Thai soldiers set up heavy artillery on the Thai-Cambodian border Wednesday, shortly before clashes broke out between the two sides. The violence has jolted Phnom Penh’s Thai community, forcing many to flee the country for fear of a repeat of the 2003 anti-Thai riots.

BUILDING border tensions between Cambodia and Thailand that finally exploded into fighting Wednesday have sparked fears of a repeat of anti-Thai violence five years ago, causing Thai citizens to again flee the country.

An employee at the La Parranda Hotel in downtown Phnom Penh, where groups of Thais gathered Wednesday after the outbreak of clashes near Preah Vihear, said Thais had been leaving in droves since Tuesday.

"There's no special air transport for them. They just have been booking flights and leaving," the employee said.

"We are helping them to arrange and book tickets to go back," the employee added.

"Normally, I recognise many Thai guests who come here for breakfast and lunch, and now there is no one."

One man standing in the hotel lobby who did not want to be named said he was part of a group of 20 Thai nationals waiting for flights out of Cambodia for fear that the fighting on the border would ignite anti-Thai sentiments in Phnom Penh.

"We all work together, so we are going back to Thailand together," he told the Post late Wednesday.

You Vuthy, a security guard at the Thai embassy in Phnom Penh, said the embassy was closed midafternoon and nonessential staff were sent home.

"There are only about 10 high-ranking officials left inside," he said. Outside, Cambodian riot police had been deployed against possible trouble.

We all work together, so we ARe going back to Thailand together.
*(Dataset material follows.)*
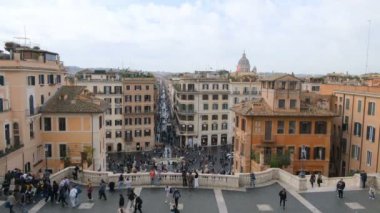 Ünlü İspanyol basamaklarının panoramik manzarası. İnsanlar alışveriş ve tatil için turist yürüyüşü yapıyor. Roma.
"We think the Cambodian government will protect the embassy. It doesn't want  a repeat of the anti-Thai riots," You Vuthy said.

Thailand's foreign minister said Wednesday he was prepared to evacuate Thai citizens in Cambodia if warranted, in light of renewed fighting on their disputed common border.
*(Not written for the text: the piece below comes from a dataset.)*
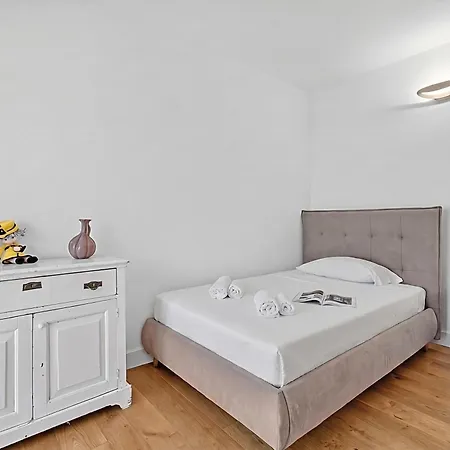 Alessia - 4 Bed With Maggiore View 别墅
"We have prepared an evacuation plan but we have to see how serious the situation is before the plan is executed," Foreign Minister Sompong Amornvivat said.

Thai air force Group Captain Montol Suchookorn told AFP that transport planes were being prepared in case they were needed to evacuate Thai nationals from Cambodia.

Thai nationals were last evacuated from Cambodia in January 2003, when Cambodian mobs went on rampages, burning the Thai embassy and destroying Thai-owned businesses around the capital, fueled by false rumours that a Thai pop starlet had claimed that Angkor Wat - one of the most important symbols in Cambodian society - belonged to Thailand.

No one was killed, but the incident saw Cambodia's relations with its western neighbour plummet to their lowest levels in recent memory.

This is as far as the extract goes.